We recently had a power outage and upon restore of power and start of ESXi (6.5) a number of VM's now show as inaccessible in vSphere Client:
When I SSH into the server and list the volumes I do not see that particular volume anywhere. All of the disks are active as per usual.
I am stuck at this point. Not quite sure where to go since I can't even find the volume for the particular VM's as listed in the vSphere Client.
Hi there.
Do you know in which datastore were this VMs located before the outage? Maybe an "esxcli storage core adapter rescan" will bring the datastore back.
You need to find the VMX files of the Inaccessible VMs, so try searching them in other datastores. You are well located in the VMFS folder. Maybe a grep would help you to find the VMs files, or maybe searching from the UI "browse datastore" view
it has been a few years since those VMs were set up, but I believe I have an idea which one they were on (BDGI3). I did a rescan from VSphere Client (RescalAll HBAs & RescanVMFS), but no change.
I did run a search in the /volumes folder for all *.vmx. I do not see any of the ones that show up as inaccesible there I used the find command in SSH to do this. It is odd to me that the volume that shows in the first image: 554cb8a-2f526e1f-acb0-60eb6920d734 is nowhere to be found.
**EDIT** No drives have gone missing during this outage, so I would expect to see that volume under vmfs/volumes
Please run vmkfstools -V (Please note that it is an upper-case -V) from the host's command line to do a rescan, and then check the vmkernel.log to see whether it logs helpful entries.
André
Here are the only messages I get in the vmkernel.log file after running that command:
Doesn't seem like a whole lot to go on
hey, hope you are doing fine?
Are you using SAN/FC, NAS or iSCSI?
how are the vmhbas of the host?
ISCSI for the 2 (Diskstation / ReadyNAS), the rest are internal drives on the server.
I pulled all of the drives (none showing error) and loaded DiskInternals Recovery tool. Then mounted them individually in an Insignia USB Disk Docking station (whatever it is called lol). Looks like one of the drives showed up properly and one did not. I think somehow the file system is corrupted because it shows like this:
The BDGI matches with the server. There should actually be a BDGI4 (which I had forgotten about). That one is now showing up as the one in yellow above. All other drives show up properly as BDGI1, BDGI3, and BDGISSD1 when mounted in the docking station.
So - I'm hoping this tool can recover something. But, are there other options?
well, I went a different route to try to recover data but still at a loss
I did the following:
I initially tried just vmfs-fuse, but wasn't 100% sure it was a VMFS version 5 volume, so I tried 6. You can see that neither works And - when I try then, then the /dev/sdb1 seems to disappear.
I REALLY need to get the data off here, but it seems like ESXi corrupted something.
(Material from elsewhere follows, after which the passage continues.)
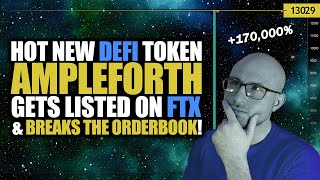 Drama Unfolds When Ampleforth Stablecoin #AMPL Gets Listed on FTX Spot & Futures Markets!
Any other ideas?
Hi
have you tried with vmfs-tools for vmfs 5 ?
Anyway - if the data is important dump the first 2 gb of /dev/sdb to file and provide a download.
dd if=/dev/sdb of=amueller.2048 bs=1M count=2048
How did the results from Diskinternals look like ?
Ulli
I tried vmfs-tools for 5 first (before the image was created), but you can see my last command was using version 5 (or I believe it was anyway). To get the original set of tools on there I just ran a
$ sudo apt-get install -y vmfs-tools
After I couldn't get that to work, I did the same command except vmfs6-tools. Then I ran vmfs6-fuse (instead of vmfs-fuse). So - i think I've tried both... but I'm a windows guy mostly, so I barely know what I am doing with Linux.
The data is definitely important. Very.
I ran the command you gave. Seems to take a long time (similar to when I mount the drive). During that time the USB docker LED for the drive will turn off (no idea why). Once this happens, though, if I run fdisk -l, it won't show /dev/sdb
The command produced:
dd: error reading '/dev/sdb': Input/output error
360+1 records in
360+1 records out
377749504 bytes (378 MB, 370 MiB) copied, 273.291 s, 1.4 MB/s
DiskInternals sometimes would show the drive as BDGI4 (as expected) and sometimes would not. When I ran through the search, it always came back with Recovered folder empty.
Also - I do have the file, just not sure what to do with it
Back to trying more recovery today - any other thoughts on how I can recover the data on the VMFS that somehow got messed up (corrupted?) after a power outage?
When you created the vmfs-header dump from Linux where did you tried to store it ?
Do you have a second datastore - one that is healthy ?
If you want - call me via Skype so that we can do a Teamviewer-session and discuss the options
It stored locally, then I moved it over to my Windows machine. I have 4 other healthy datastores, yes.
I would skype, but my wife pulled me from my computer to help work outside. I will likely have some time tomorrow. Right now I'm running Disk Internals VMFS Recovery again. It is odd, but the drive didn't show up at all for a bit... then after about 10 minutes I heard it start spinning, so I re-opened VMFS Recovery. it is working on it now and shows 26 Folders, 339 Files. So - I am hoping that once it completes i will have something to recover.
well, VMFS Recovery by DiskInternals found all the files and folders. However - I didn't realize it would cost $1599 to license it and recover all my files
So - my next step was to try CloneZilla and attempt to clone the disk (minus the bad sectors). It is running, but not 100% convinced it will work. The reason is to make sure I don't accidentally ruin the original.
I set it up in advanced mode, set up rescue mode, and set it to NOT fix bad sectors. It is running now, Ran a pretty good clip, but now it is just scrolling through bad sector after bad sector for the last hour. Because, when this happens, PartClone (part or CloneZilla) seems to write all over the screen - it is difficult to read. From what I can see, I have about 70 hours remaining I guess I will just let it ride out.
My only other thought was to use dd_rescue to try to run a similar routine.